TRY IT:
Could you please output all of the data exactly, without the images?

DATA SECTION:
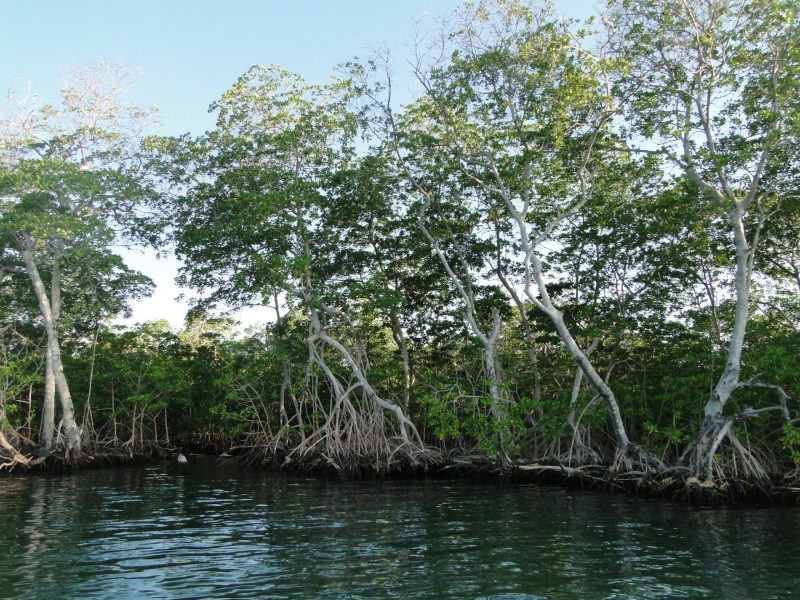 Foto - Esteban Zarza 03 Bosques de Manglar - EDUCACIÓN AMBIENTAL PNN - CRSB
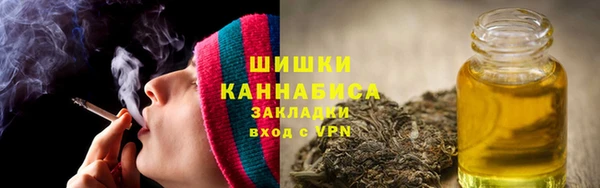 меф Ельня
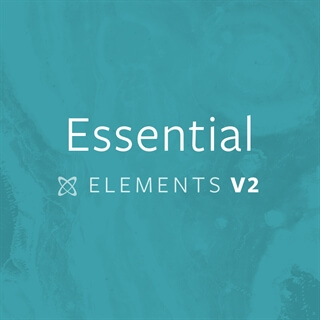Essential Elements V2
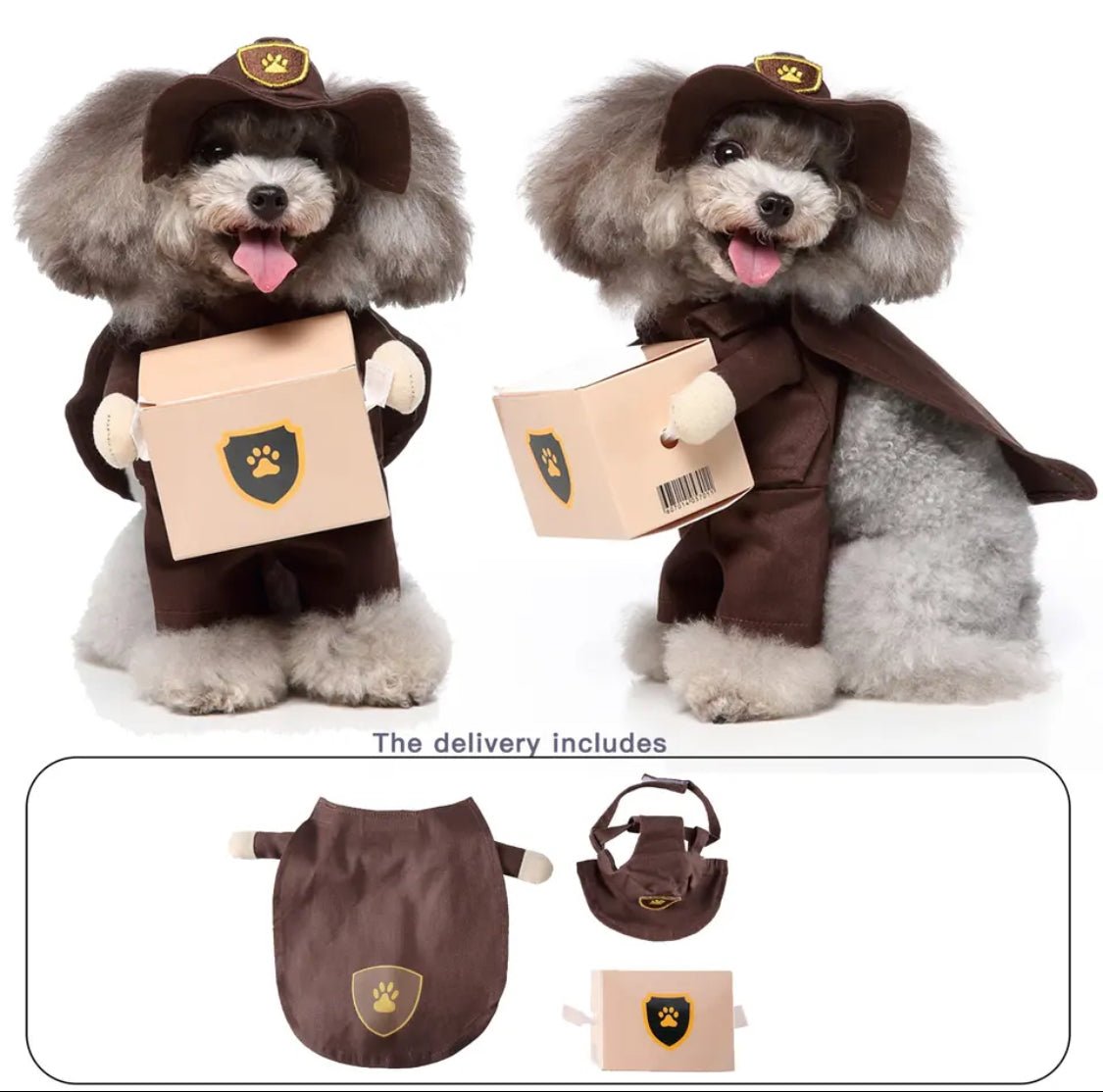 Mail Carrier Costume - Always Whiskered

TASK RESPONSE:
 Foto - Esteban Zarza 03 Bosques de Manglar - EDUCACIÓN AMBIENTAL PNN - CRSB
 меф Ельня
Essential Elements V2
 Mail Carrier Costume - Always Whiskered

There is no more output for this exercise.